# BRIEF:
Please print each entry below exactly as it stands, but without any pictures.

Image-caption web data
• • • •

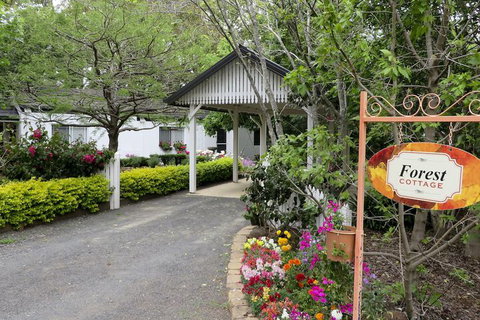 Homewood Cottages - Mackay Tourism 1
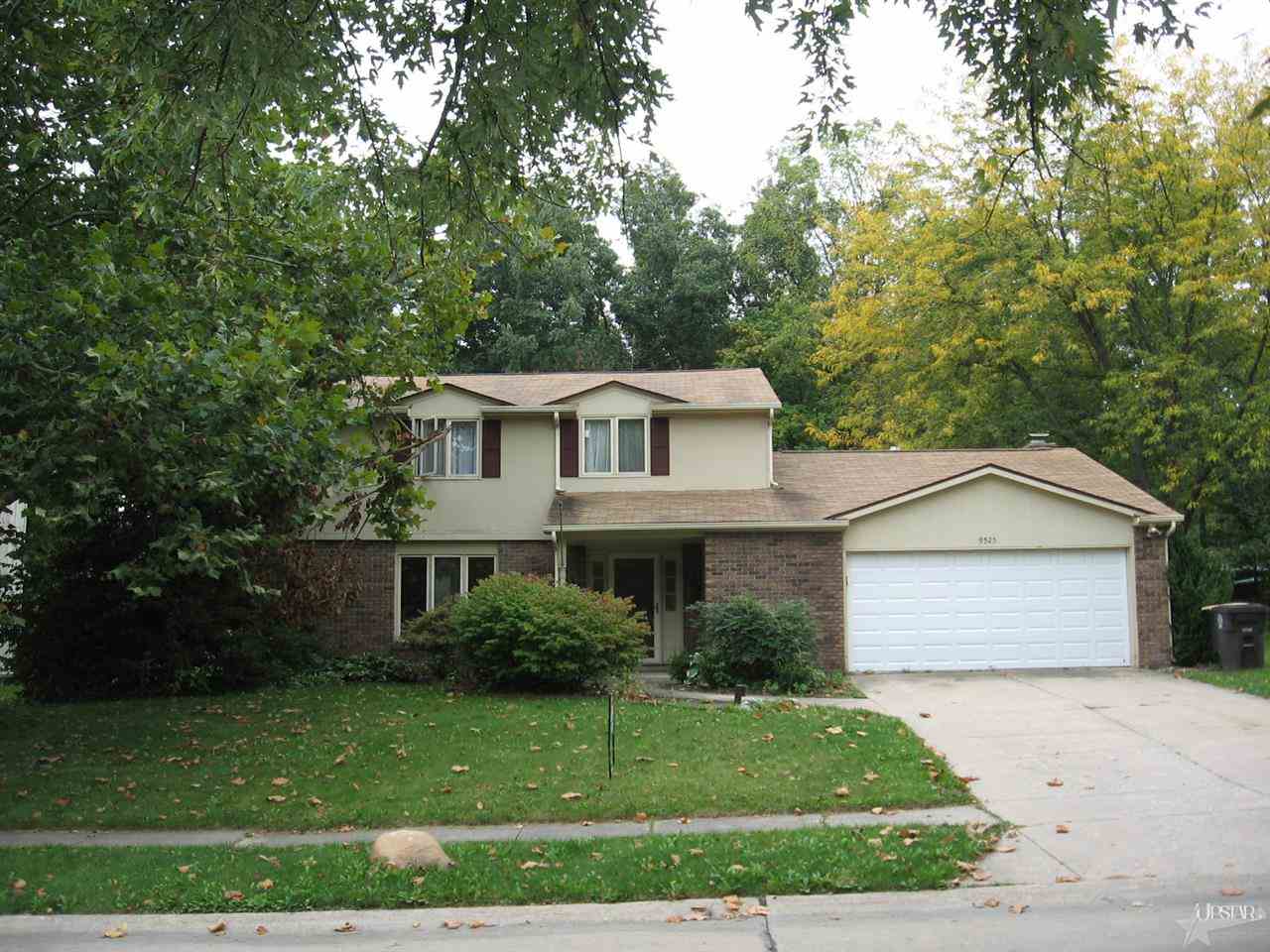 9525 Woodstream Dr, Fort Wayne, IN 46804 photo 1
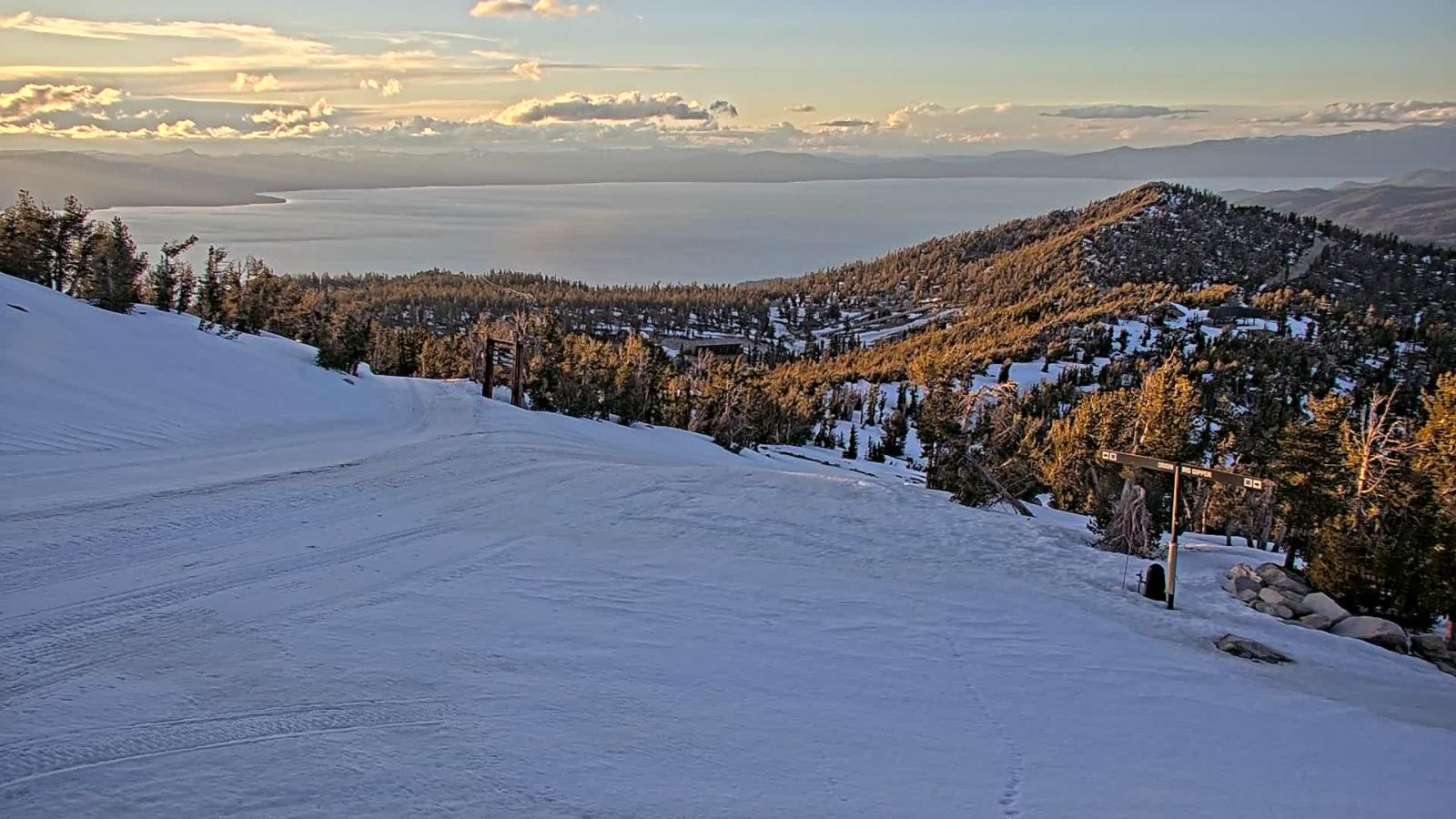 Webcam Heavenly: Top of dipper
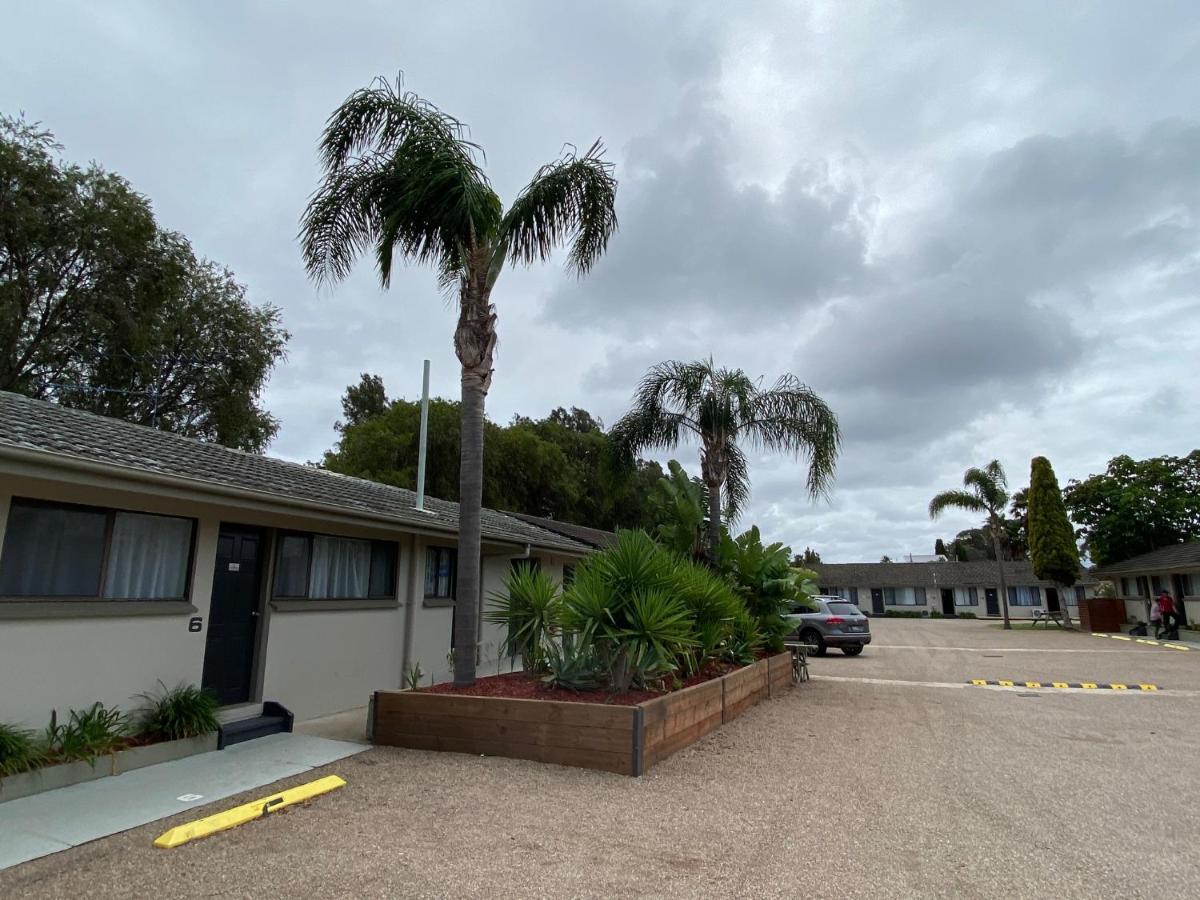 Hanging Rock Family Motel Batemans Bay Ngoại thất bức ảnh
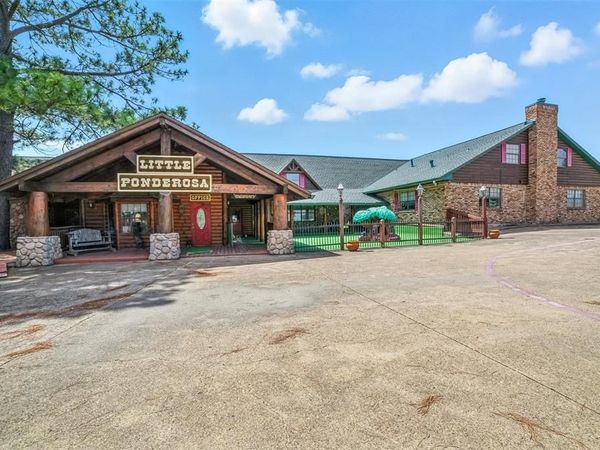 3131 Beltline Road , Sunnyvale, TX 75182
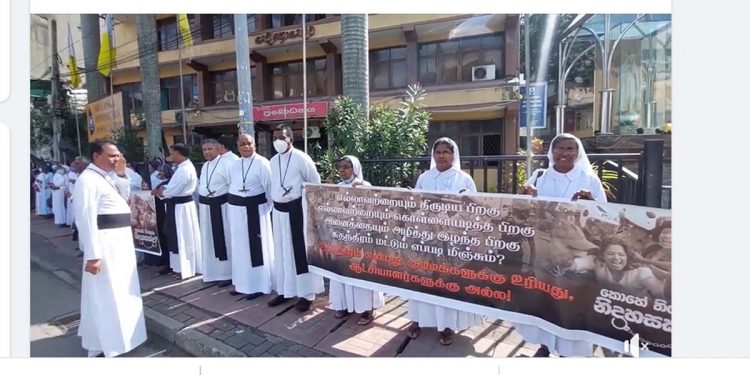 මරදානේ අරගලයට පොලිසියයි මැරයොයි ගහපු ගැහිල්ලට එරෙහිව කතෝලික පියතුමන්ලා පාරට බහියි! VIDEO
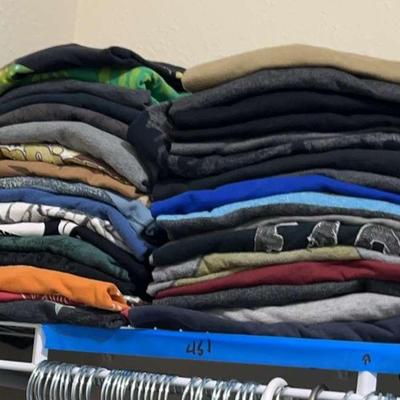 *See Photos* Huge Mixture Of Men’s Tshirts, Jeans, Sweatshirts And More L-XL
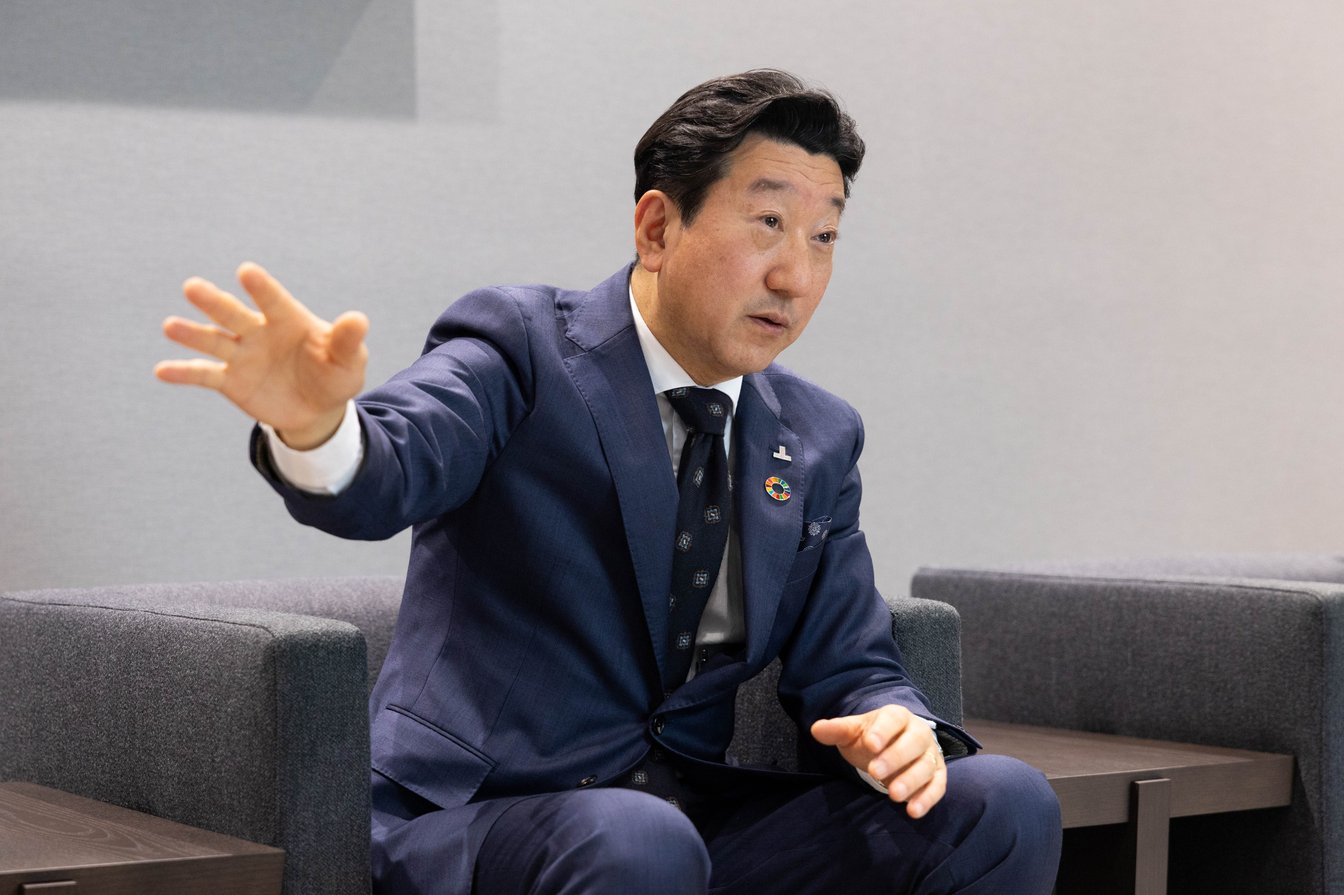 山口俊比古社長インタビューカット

• • • •

# SOLVED PROBLEM:
 Homewood Cottages - Mackay Tourism 1
 9525 Woodstream Dr, Fort Wayne, IN 46804 photo 1
 Webcam Heavenly: Top of dipper
 Hanging Rock Family Motel Batemans Bay Ngoại thất bức ảnh
 3131 Beltline Road , Sunnyvale, TX 75182
 මරදානේ අරගලයට පොලිසියයි මැරයොයි ගහපු ගැහිල්ලට එරෙහිව කතෝලික පියතුමන්ලා පාරට බහියි! VIDEO
 *See Photos* Huge Mixture Of Men’s Tshirts, Jeans, Sweatshirts And More L-XL
 山口俊比古社長インタビューカット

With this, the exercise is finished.